私のこの対応について、歯医者から帰る時間が遅くなってしまったので、概要は日報にあげた。

でも予想していた通り、過保護過干渉な先輩職員さんからは

「お疲れさま。でもそんなの、置いて帰るでって言って、車に乗せたらいいんよ。」と言われた。

そう、それが嫌なんだ。

どうにかしてそうじゃない、子ども自身が自分で決めて良い選択をできるように、あたたかく協力的に援助したいと思っているんだ。

でもそんなこと、アドラー心理学を知らない人に伝えるのは、そういう育児がいいものだって思い込んでいる先輩に伝えるのは、今の私はする気が起こらない。

無謀すぎて。

 

 

 

多分、私が愚かなんだと思う。

Sちゃんにとってどれだけの意味があるかわからない。

Sちゃんどころか、中学生女子たちの対応についても、もっとあからさまに先輩職員さんから注意を受けた。

共有スペースなどの使い方について、明らかに悪いことをして逃げようとして、

私と鉢合わせした女の子に対して。

黙ってじっと目を見ると、気まずそうな顔をした。

私はその話題には触れず、「ご飯は食べてないの?」と聞いた。
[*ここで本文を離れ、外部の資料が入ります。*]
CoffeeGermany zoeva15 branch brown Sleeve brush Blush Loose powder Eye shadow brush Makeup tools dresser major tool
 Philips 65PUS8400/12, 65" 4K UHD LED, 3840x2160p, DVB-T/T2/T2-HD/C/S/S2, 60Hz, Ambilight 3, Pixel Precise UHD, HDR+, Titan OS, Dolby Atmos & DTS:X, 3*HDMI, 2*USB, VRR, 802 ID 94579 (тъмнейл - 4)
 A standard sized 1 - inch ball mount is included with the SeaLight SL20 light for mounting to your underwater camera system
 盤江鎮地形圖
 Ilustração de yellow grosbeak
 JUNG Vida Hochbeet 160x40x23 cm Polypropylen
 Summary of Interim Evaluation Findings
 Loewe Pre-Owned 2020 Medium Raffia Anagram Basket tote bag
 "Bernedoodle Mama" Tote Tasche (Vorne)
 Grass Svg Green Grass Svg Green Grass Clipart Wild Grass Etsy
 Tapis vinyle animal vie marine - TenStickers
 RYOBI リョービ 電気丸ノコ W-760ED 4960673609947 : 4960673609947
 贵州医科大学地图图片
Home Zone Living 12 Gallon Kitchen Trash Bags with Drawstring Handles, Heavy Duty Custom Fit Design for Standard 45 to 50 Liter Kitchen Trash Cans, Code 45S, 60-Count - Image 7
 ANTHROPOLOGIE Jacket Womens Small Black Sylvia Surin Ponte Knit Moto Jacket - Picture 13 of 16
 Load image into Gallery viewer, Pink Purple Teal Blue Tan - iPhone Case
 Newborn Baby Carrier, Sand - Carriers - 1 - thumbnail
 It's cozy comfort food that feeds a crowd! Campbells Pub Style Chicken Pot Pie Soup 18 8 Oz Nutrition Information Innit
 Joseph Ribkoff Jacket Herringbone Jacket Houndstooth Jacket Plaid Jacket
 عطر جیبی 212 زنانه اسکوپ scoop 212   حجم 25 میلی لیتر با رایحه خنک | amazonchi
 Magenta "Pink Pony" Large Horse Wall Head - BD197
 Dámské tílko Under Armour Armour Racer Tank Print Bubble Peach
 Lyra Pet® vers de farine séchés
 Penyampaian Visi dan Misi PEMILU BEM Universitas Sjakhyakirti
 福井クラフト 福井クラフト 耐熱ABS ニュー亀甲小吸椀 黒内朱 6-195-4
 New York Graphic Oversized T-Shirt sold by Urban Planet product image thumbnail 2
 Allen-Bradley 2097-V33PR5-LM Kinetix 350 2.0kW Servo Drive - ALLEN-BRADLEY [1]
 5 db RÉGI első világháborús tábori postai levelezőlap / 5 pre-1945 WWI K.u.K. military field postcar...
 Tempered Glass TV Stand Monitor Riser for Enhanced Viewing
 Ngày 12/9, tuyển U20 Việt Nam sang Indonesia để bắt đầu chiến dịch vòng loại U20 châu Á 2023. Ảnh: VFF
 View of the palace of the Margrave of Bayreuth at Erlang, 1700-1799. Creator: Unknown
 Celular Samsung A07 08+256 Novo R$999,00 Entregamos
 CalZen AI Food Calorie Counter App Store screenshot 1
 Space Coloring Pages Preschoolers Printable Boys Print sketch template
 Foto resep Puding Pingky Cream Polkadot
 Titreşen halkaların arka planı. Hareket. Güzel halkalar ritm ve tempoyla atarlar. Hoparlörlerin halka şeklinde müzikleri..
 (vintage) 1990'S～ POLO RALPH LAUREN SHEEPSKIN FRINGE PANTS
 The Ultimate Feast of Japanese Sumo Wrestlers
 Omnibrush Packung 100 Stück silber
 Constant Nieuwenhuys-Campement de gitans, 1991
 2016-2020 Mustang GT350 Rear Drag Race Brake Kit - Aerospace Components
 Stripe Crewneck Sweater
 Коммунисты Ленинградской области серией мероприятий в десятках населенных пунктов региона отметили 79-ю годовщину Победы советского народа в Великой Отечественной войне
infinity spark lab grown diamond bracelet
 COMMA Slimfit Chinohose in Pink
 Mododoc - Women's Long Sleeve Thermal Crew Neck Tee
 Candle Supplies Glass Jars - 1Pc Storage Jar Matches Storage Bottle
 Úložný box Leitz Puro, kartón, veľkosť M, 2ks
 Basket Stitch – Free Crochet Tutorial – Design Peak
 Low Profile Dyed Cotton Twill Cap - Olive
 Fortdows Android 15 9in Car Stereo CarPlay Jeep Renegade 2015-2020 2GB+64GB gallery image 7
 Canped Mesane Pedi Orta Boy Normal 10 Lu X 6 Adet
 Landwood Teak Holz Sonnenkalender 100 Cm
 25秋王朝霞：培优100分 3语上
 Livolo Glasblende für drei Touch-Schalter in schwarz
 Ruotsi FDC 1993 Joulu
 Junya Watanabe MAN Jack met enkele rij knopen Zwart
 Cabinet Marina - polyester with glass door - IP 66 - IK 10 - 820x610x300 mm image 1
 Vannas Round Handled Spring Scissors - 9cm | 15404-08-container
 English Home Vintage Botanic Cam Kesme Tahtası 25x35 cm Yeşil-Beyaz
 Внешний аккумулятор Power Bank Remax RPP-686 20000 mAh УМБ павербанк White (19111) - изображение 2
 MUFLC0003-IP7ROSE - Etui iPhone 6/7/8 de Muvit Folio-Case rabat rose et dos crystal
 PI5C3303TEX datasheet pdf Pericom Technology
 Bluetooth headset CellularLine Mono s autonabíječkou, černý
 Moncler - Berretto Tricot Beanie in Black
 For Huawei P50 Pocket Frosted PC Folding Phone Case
「うん。」

「食べ終わったら薬飲みにきてね。」と言った。「はい。」

そのことを報告すると、

あの子たちが悪いとわかってやっていることでも、何回も繰り返して、ダメでしょ、って言い続けなきゃダメですよ、と言われた。

仕事をしている感は、それが一番あるだろう。でもそれは権力争いを悪化させるだけだ。

お説教は関係を悪化させる。

話をするなら、お互いに冷静で、話し合ってもいいと了承を得てから出ないと、

特に中学生は、絶対に、建設的な話し合いなどしてくれない。

でも、ほんの少し抵抗を示したけれど、結局「はい、以後気をつけます」と私は言った。

 

その後上司に、全て報告した。

「そうだなあ。悪いってわかってるよね?って釘刺すぐらいはしておいた方がいいな。」と言われた。

「でも正直、どうしたらいいのかは相手によって違うと思うし、俺も手探りしてる最中。

対応したことをああやって日報に残してもらえたら、みんなで検討できるから、まずはそれでいい、それから考えていけるから。」と言われた。

「まだみんな手探りなところがあって、統一できていない状態だからな。Mさん、難しいと思うよ。あの人はこう言ってましたけどこの人からはこう言われましたとか、言いにくいだろうしなあ。」

「何が良いことかって考えるよりも、何がしてはいけないことかっていうのを押さえることが大事だと思う。そこから考えたら、反対側にあるすべきことも見えてくると思う。」

勤務時間超えていたけれど、上司は私を労いながら、話をしてくださった。

 

 

私の良いと思うことは、クレイジーすぎるんだろう。

どうやって仕事と折り合いをつけていけばいいのか、わからない。

でも、先輩が良かれと思って一生懸命にされているのもわかるし、

上司がこのように私にまっすぐに向き合ってお話ししてくださることは、とてもありがたく思う。

 

密かに私は私の良いと思うことを続けていこう。

良い職員にはなれなくていい。

看守と囚人の構造は、やはりどうしても壊せないようだ。

そんな中で、私がサリバン先生になれるわけもない。